• **Problem requirements**: In the listing below, locate the line with "Bellinger PRO-VS MINI" and the line with "Real work for", then output both and everything between them exactly, minus any pictures.

• **Records for processing**:
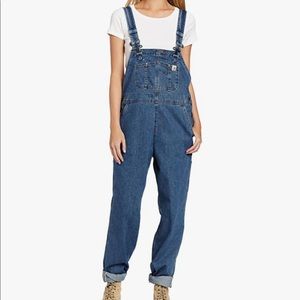 Vintage 1990s style cathartic womens denim overalls comfy and broken in MEDIUM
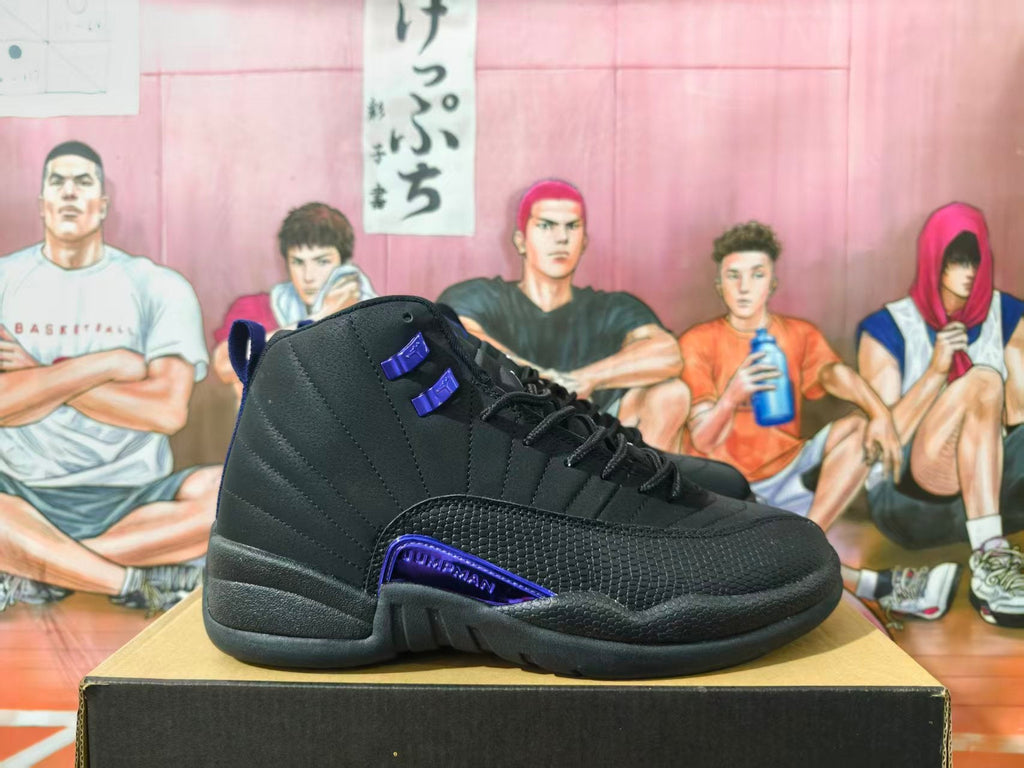Jordan Black and Blue High-Top Sneakers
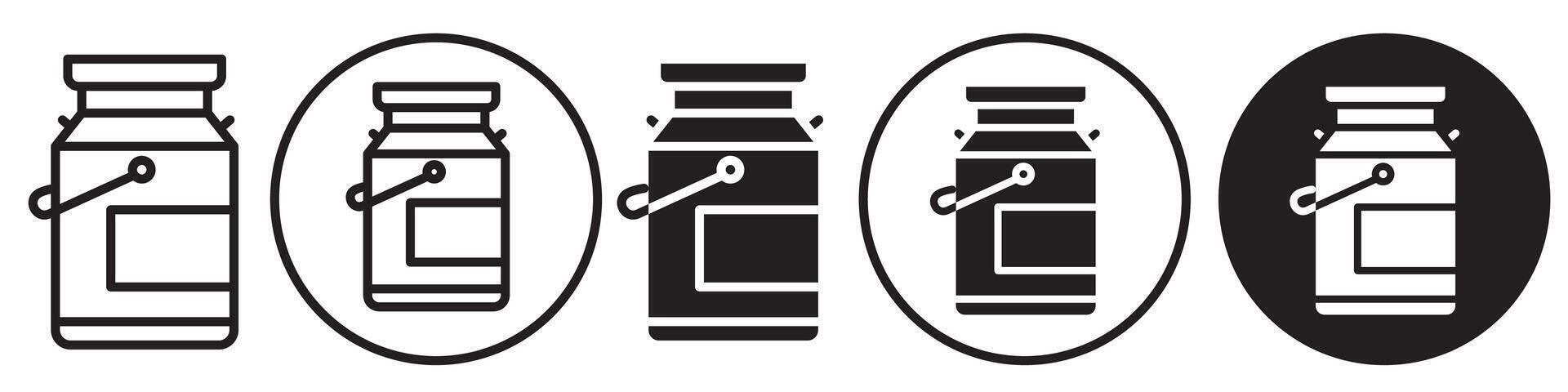Milk Can Icon set collection for web vector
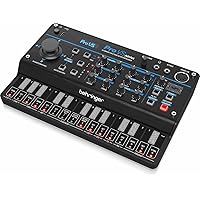 Bellinger PRO-VS MINI Portable Size Hybrid Vector Synthesizer with Built-in Chorus Effect Sequencer/Arpeggiator, 32 Presets, USB Type-C Powered, 5-DIN MIDI Compatible, Analog VCF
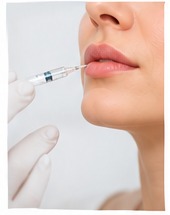 Ästhetische Behandlung mit Hyaluronsäure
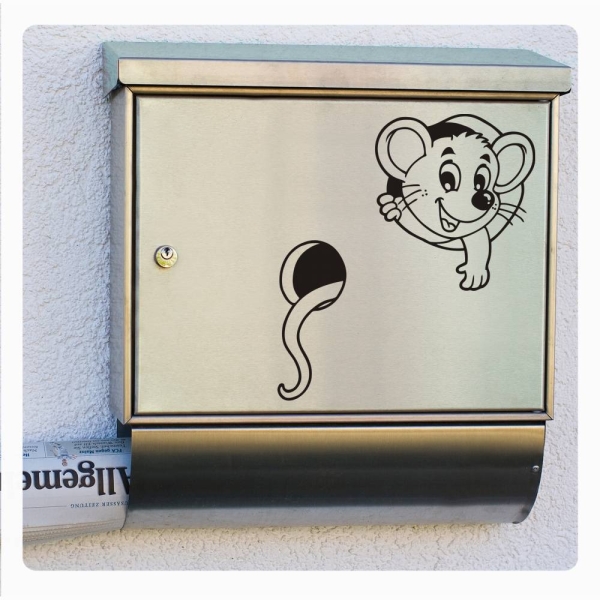 Briefkastenaufkleber Maus Briefkasten Aufkleber Sticker B014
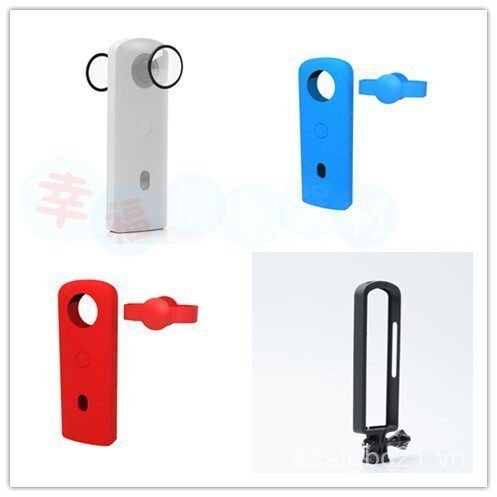 Thích hợp cho Rico Theta Theta sc2 360 Máy Ảnh Thể Thao Silicon Vỏ Bảo Vệ Ống Kính Gương Khung Phụ K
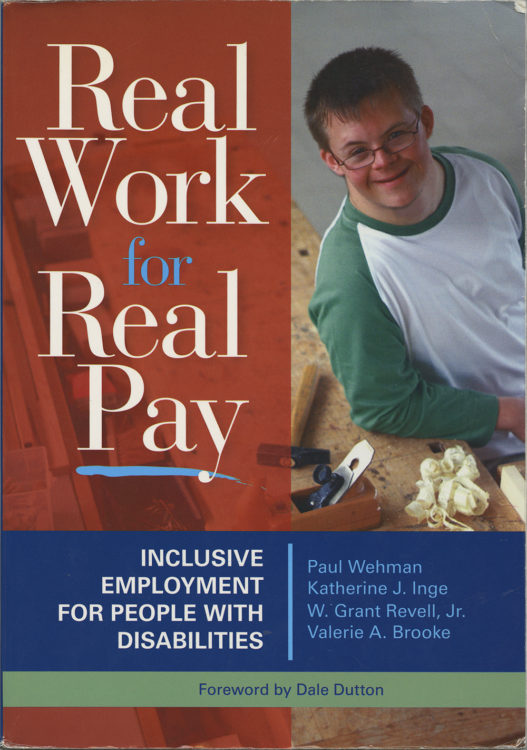 Real work for real pay: Inclusive employment for people with disabilities
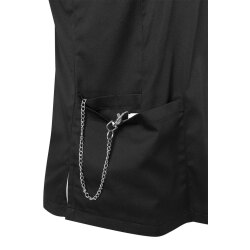KARLOWSKY Damen Schlupfkasack ESSENTIAL V-Neck Regular Schwarz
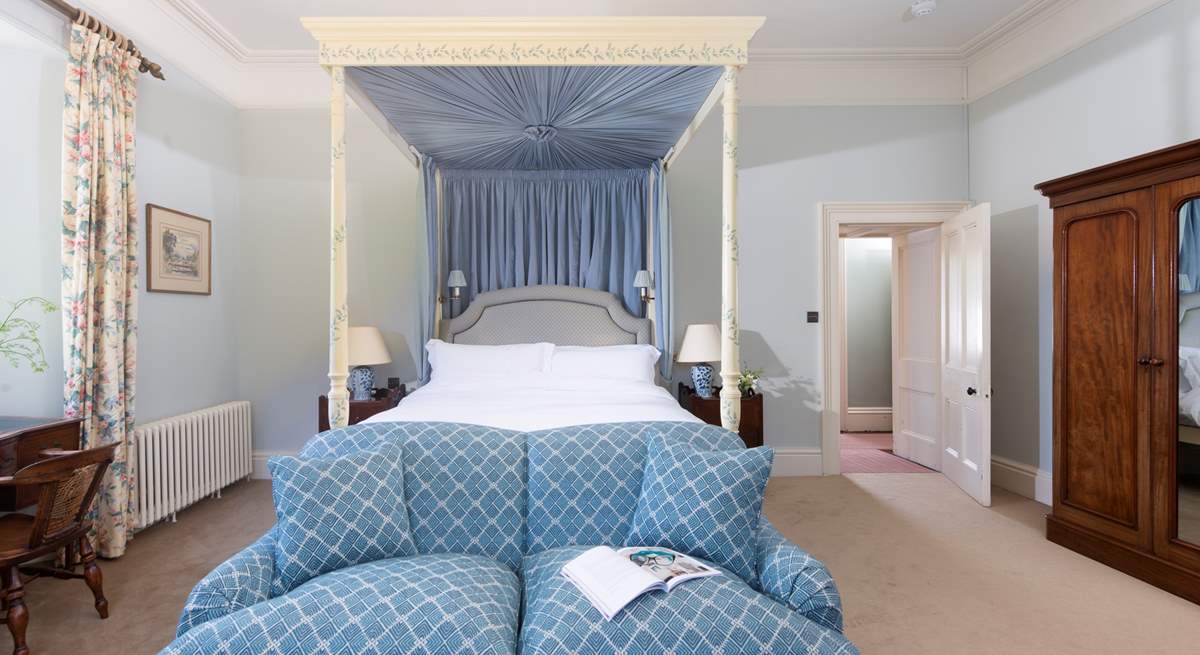 Bedroom 3 is most charming and perfect for the Lord or Lady of the Manor.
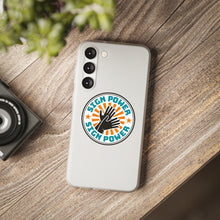 Charger l'image dans la galerie, Coque de téléphone transparente "Sign Power"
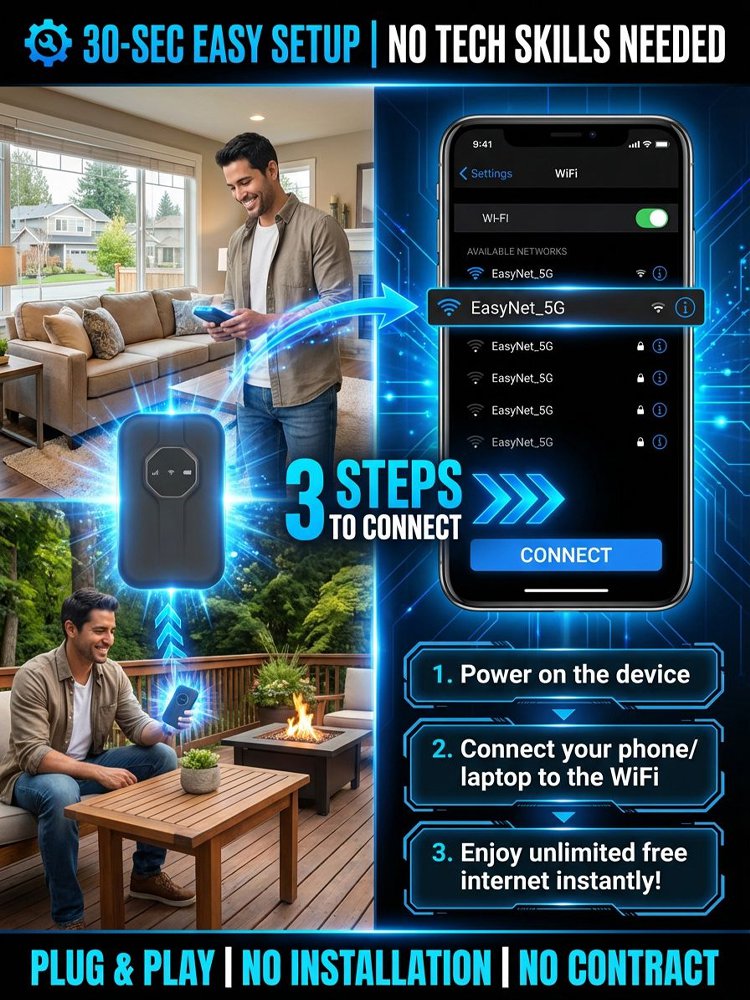 [Global Coverage, Free for Life] Boundless Portable Wi-Fi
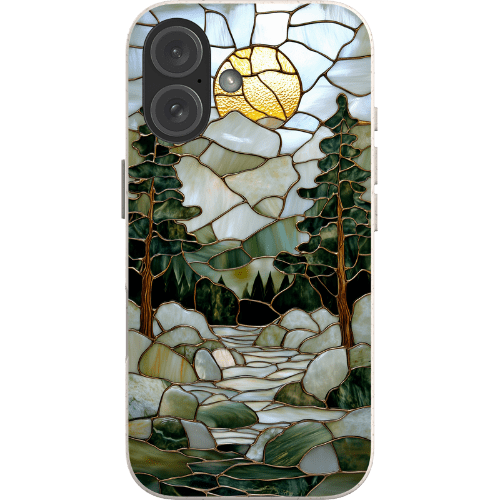 Stepping Green Phone Case Stained Glass Mountain Creek 1 Bio Case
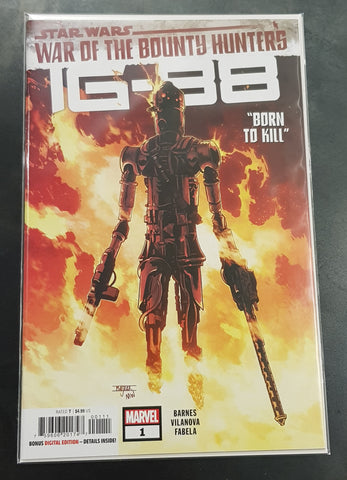 Star Wars War of the Bounty Hunters IG-88 #1 NM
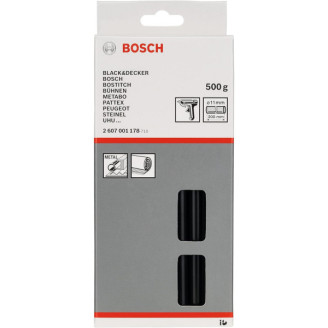 25 Клейових стрижнів 11 мм ЧОРНИЙ Bosch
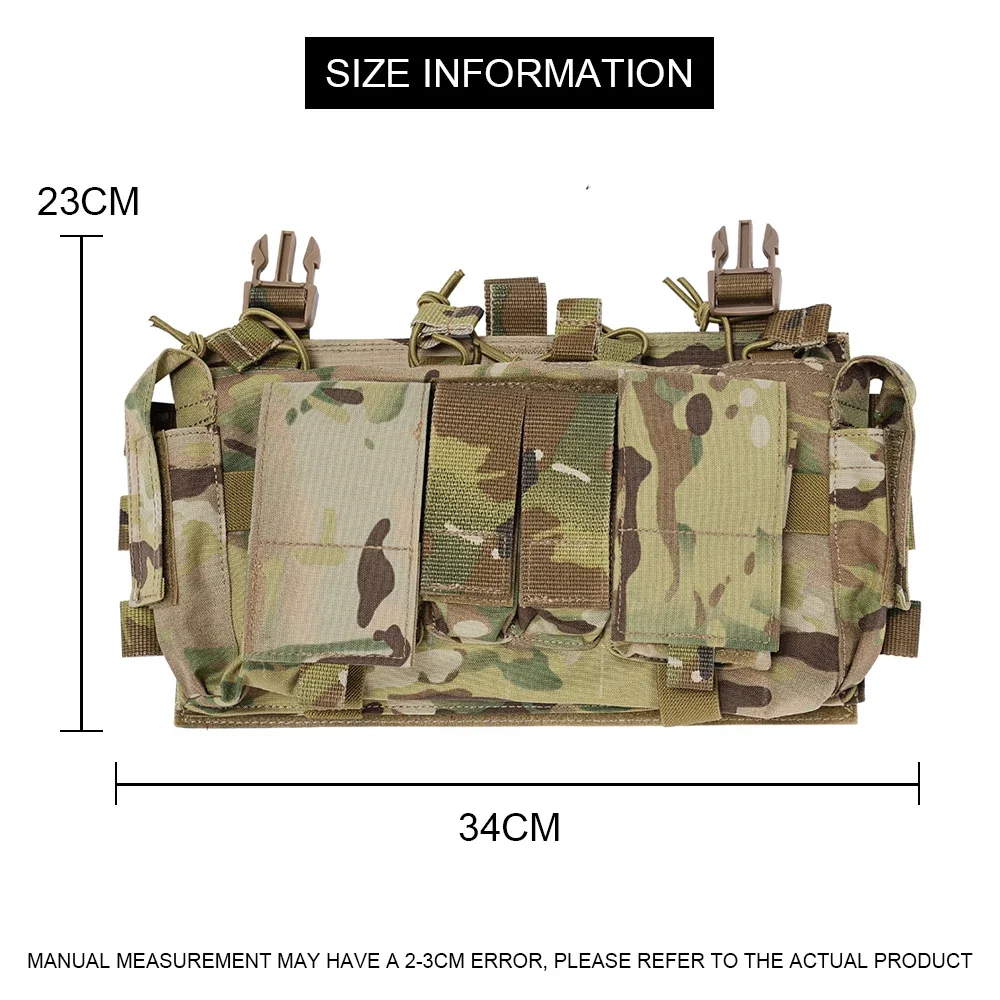 SINAIRSOFT MF Style Gen IV Kompatible Tischkarten 5,56 Magazintasche für Airsoft Tactical Chest Rig Weste Outdoor Jagd Schießen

• **Result of the task**:
 Bellinger PRO-VS MINI Portable Size Hybrid Vector Synthesizer with Built-in Chorus Effect Sequencer/Arpeggiator, 32 Presets, USB Type-C Powered, 5-DIN MIDI Compatible, Analog VCF
 Ästhetische Behandlung mit Hyaluronsäure
 Briefkastenaufkleber Maus Briefkasten Aufkleber Sticker B014
 Thích hợp cho Rico Theta Theta sc2 360 Máy Ảnh Thể Thao Silicon Vỏ Bảo Vệ Ống Kính Gương Khung Phụ K
 Real work for real pay: Inclusive employment for people with disabilities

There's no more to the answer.